Cuando su cabeza colgó sobre
su pecho, inerte, te hiciste un ovillo y la gente te pisoteó y un perro salvaje
te olfateó y pensaste en venenos y quisiste morirte ahí mismo, pero entonces
rompiste a llorar. Y tu llanto, mujer de lágrima viva, hizo un pozo en el que
mojaste tu vestido como si fuese un sudario y, desnuda, sin que nadie te viera,
sin que nadie quisiera verte, te metiste en el sepulcro en el que horas después
lo depositarían a él: esquelético, ensangrentado, muertísimo.
Con tu espalda pegada a la
fría piedra, tu cuerpo pálido, de moribunda, lo viste levantarse y sonreíste.
Llevaba al cuello la piedra gris, es decir, se llevaba tu fuerza, tu sangre, tu
savia. La luz que entró en el sepulcro cuando él movió la piedra te permitió
verlo por última vez: hermoso, divino, sobrenaturalmente amado.

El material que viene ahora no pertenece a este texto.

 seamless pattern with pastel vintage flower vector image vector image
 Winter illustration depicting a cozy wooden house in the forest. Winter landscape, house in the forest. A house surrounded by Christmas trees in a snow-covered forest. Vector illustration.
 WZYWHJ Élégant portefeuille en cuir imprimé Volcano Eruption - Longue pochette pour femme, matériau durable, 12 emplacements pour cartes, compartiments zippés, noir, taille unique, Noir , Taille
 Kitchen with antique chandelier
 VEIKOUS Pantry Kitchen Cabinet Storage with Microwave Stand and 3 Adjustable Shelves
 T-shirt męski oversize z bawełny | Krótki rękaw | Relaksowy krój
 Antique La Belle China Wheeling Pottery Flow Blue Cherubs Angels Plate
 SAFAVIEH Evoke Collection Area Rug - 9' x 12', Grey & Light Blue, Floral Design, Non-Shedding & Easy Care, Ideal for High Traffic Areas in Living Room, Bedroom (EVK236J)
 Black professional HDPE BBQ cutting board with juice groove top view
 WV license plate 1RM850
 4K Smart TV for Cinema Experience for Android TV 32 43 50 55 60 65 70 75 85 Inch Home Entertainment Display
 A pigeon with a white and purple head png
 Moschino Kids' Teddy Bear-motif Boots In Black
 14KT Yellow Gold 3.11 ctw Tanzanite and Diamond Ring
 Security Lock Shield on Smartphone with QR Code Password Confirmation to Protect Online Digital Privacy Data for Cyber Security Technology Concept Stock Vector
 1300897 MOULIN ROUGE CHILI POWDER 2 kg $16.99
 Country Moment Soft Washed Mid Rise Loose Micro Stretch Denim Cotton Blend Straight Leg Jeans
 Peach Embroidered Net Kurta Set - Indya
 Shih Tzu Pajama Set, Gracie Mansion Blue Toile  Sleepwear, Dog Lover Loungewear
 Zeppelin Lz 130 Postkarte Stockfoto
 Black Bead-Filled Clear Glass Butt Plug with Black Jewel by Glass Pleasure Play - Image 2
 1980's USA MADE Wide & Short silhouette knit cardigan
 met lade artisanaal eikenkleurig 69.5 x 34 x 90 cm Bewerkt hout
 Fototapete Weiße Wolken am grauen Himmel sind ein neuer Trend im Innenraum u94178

Él te miró, estás casi segura
de que te miró y con tu último aliento –te morías– le dijiste algo, lo
llamaste, estiraste la mano. La palabra amor se colgó del techo como una
estalactita. Pero él siguió caminando al encuentro de sus fanáticos que
gritaban, se tiraban a la arena de rodillas, se cubrían los rostros con las
manos.
Y no volvió la vista atrás.
Según
su visión, la literatura debe intentar derribar los tabúes sociales, trabajando
con personajes que se salen de la norma y se enfrentan a la realidad que los
asfixia.
Explicación del cuento
"Pasión"
nació de su deseo de revisar la Biblia desde una mirada feminista. Así que, no
solo trata de retratar a María Magdalena como una mujer con su independencia y
pensamiento crítico, sino también la idea de reescribir la historia de personajes
bíblicos mostrando un lado nuevo, es decir, la de una mujer que, aunque sepa defenderse, sucumbe al deseo de amor.